● **TASK ITEM**: Starting at the first entry below, repeat all the data word for word and drop the pictures.

[Collected data]
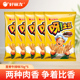 土豆里脊牛排味70g袋 12月产新货Orion好丽友零食薯条薯片呀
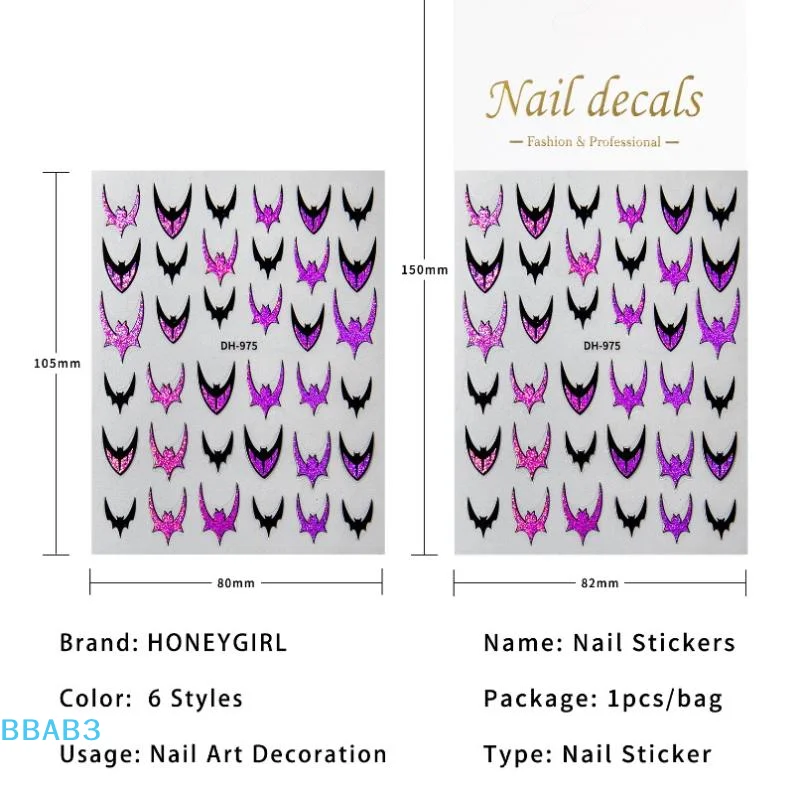 【B】Láser estampado en caliente Halloween murciélago oscuro Cruz adhesivo pegatinas para decoración de uñas calcomanías manicura brillante rojo plata negro encantos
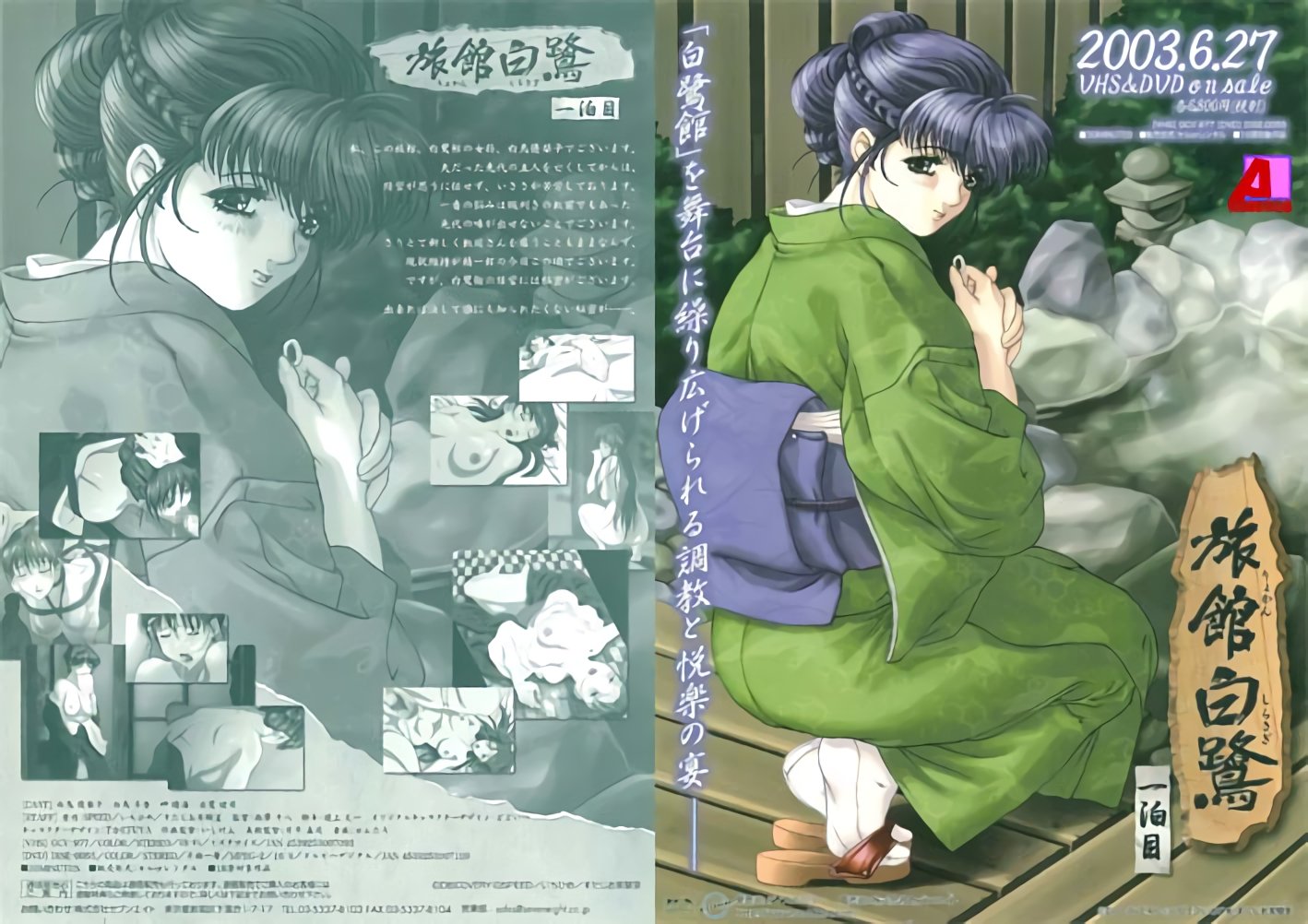 好片分享 一步步开发少妇女技师，一起舔脚[06:08]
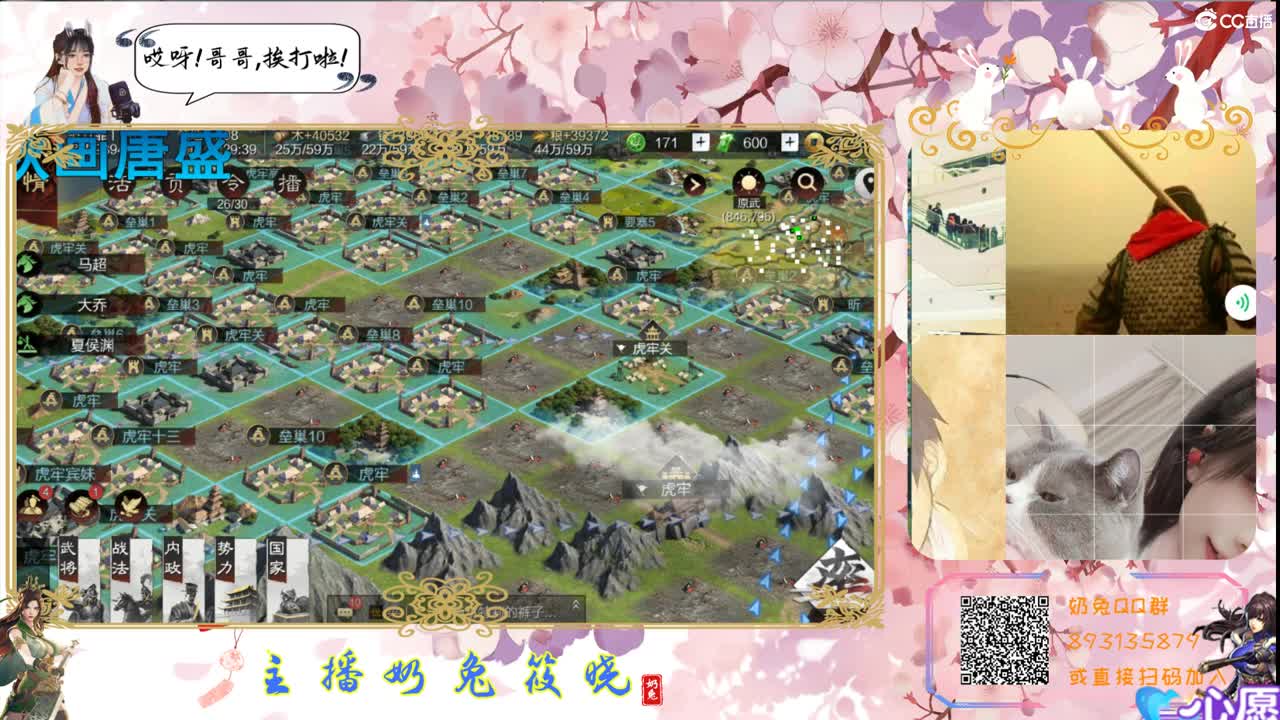 连麦泡菜图盟管理议虎牢~ 第1段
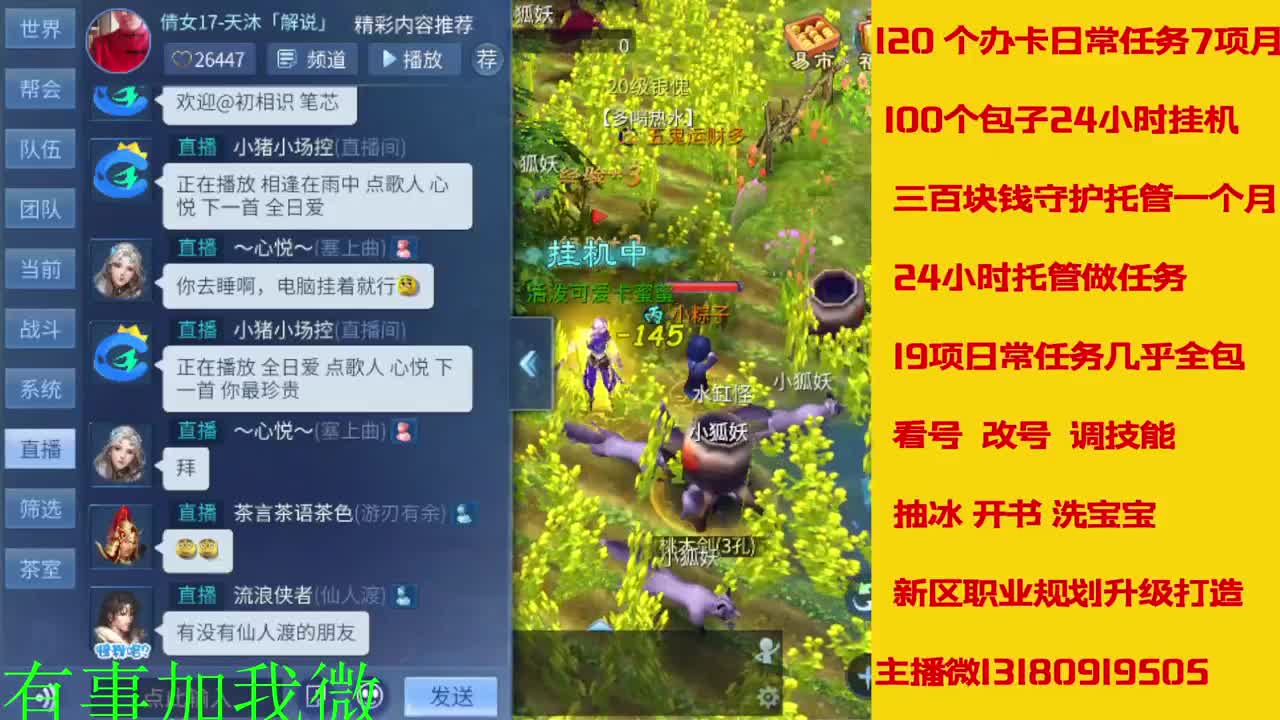 看号调技能聊天 第6段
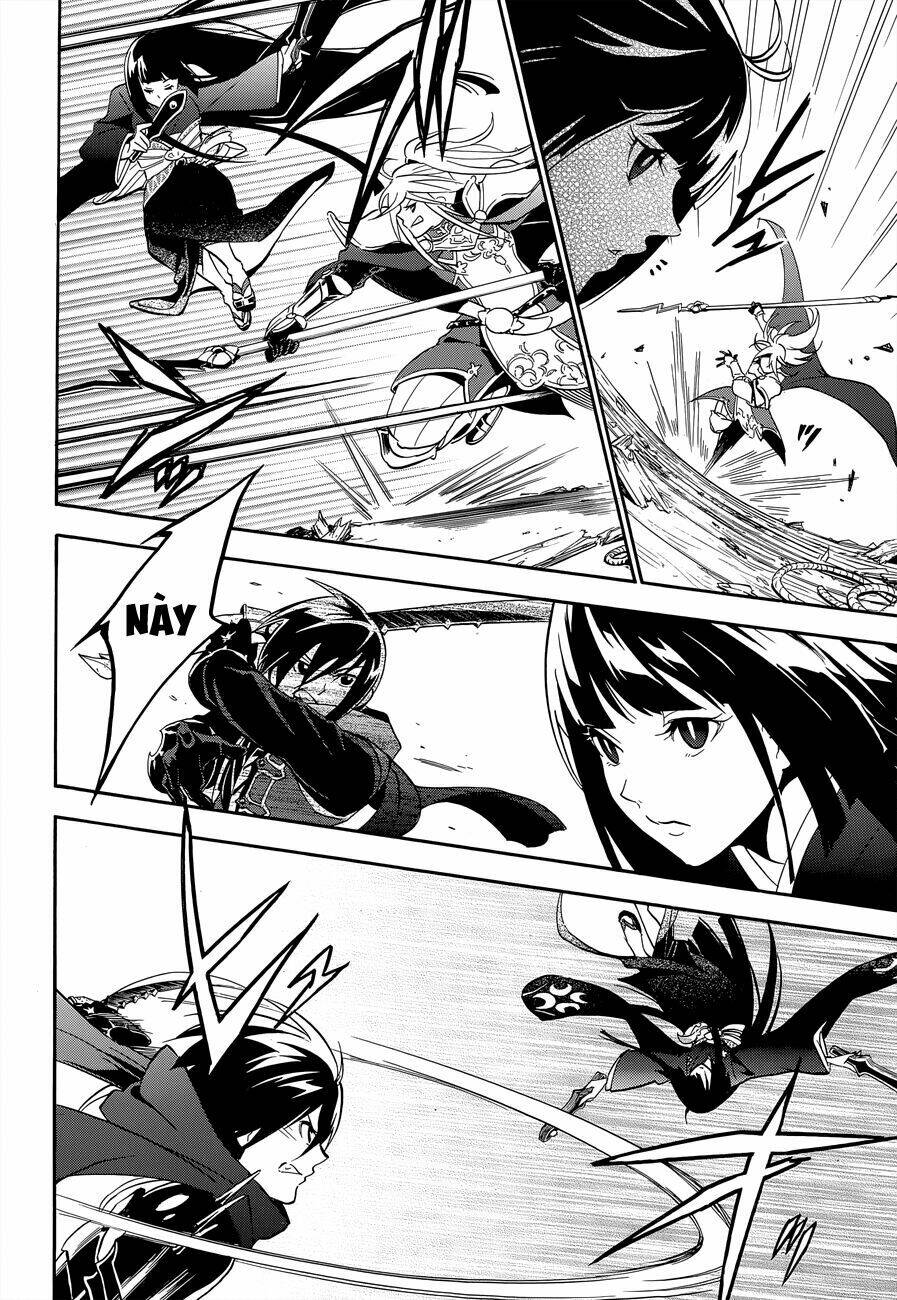 Sự trỗi dậy của Anh Hùng Khiên Chap 17 - Next Chap 18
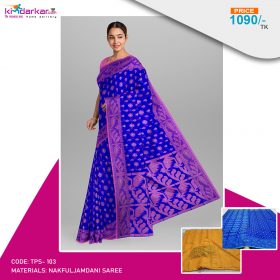 Tangail Nakfuljamdani Saree (TPS-103)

● **RESPONSE AREA**:
 土豆里脊牛排味70g袋 12月产新货Orion好丽友零食薯条薯片呀
 【B】Láser estampado en caliente Halloween murciélago oscuro Cruz adhesivo pegatinas para decoración de uñas calcomanías manicura brillante rojo plata negro encantos
 好片分享 一步步开发少妇女技师，一起舔脚[06:08]
 连麦泡菜图盟管理议虎牢~ 第1段
 看号调技能聊天 第6段
 Sự trỗi dậy của Anh Hùng Khiên Chap 17 - Next Chap 18
 Tangail Nakfuljamdani Saree (TPS-103)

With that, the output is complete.